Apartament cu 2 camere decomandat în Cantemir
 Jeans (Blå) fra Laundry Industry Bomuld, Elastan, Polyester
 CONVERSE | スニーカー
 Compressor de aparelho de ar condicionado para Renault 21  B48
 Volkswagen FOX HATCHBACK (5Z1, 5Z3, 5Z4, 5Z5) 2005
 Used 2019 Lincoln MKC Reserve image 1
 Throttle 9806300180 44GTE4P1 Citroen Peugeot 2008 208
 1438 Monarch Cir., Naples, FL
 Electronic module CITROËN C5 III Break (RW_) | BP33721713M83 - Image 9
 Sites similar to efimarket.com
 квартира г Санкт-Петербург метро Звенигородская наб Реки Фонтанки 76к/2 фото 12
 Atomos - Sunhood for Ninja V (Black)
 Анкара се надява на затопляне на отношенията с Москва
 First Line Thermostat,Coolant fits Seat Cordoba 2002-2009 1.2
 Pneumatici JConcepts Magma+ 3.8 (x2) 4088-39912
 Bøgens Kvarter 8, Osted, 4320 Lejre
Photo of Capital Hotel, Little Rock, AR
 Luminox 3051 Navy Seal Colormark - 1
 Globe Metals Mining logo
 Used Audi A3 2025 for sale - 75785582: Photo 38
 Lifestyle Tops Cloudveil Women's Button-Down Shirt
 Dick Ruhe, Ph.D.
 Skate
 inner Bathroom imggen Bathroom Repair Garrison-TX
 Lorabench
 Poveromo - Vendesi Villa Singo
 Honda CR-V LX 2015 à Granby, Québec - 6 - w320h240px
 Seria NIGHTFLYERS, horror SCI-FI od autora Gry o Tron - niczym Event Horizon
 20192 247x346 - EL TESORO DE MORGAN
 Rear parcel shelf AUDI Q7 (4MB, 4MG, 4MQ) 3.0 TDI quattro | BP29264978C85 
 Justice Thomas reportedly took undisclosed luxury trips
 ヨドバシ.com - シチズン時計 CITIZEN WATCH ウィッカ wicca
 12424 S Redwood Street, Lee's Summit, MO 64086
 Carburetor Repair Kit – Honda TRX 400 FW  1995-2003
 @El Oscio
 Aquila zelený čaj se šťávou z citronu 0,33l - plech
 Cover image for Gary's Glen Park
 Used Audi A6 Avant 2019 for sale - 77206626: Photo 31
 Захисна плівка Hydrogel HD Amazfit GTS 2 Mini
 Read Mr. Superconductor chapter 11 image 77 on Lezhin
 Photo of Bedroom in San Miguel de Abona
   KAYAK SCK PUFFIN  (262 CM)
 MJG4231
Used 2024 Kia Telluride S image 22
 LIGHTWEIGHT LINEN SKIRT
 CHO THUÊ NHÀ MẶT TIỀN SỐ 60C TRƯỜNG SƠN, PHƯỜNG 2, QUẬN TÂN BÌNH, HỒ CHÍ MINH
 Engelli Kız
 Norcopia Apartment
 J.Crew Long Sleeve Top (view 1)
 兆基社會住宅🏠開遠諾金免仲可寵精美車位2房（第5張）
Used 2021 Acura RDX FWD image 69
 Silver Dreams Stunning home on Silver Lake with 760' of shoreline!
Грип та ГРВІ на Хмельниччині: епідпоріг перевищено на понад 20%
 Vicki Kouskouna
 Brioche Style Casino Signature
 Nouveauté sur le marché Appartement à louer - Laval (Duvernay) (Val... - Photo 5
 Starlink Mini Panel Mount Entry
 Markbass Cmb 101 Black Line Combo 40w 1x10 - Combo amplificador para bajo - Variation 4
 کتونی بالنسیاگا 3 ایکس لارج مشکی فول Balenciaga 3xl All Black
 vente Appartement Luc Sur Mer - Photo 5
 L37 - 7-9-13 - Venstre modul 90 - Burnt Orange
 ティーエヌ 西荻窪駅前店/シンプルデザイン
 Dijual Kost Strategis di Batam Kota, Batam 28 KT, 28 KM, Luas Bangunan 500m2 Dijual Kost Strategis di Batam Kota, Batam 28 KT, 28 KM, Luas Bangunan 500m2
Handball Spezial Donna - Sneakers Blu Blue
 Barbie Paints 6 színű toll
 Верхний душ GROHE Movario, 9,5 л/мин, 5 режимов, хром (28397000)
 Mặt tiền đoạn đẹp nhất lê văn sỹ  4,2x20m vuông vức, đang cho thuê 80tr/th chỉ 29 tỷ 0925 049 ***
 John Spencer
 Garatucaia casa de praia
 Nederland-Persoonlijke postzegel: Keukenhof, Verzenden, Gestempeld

# # # # # # #

Copy each line of the listing above that contains the word "Black".

 Atomos - Sunhood for Ninja V (Black)
 Markbass Cmb 101 Black Line Combo 40w 1x10 - Combo amplificador para bajo - Variation 4
 کتونی بالنسیاگا 3 ایکس لارج مشکی فول Balenciaga 3xl All Black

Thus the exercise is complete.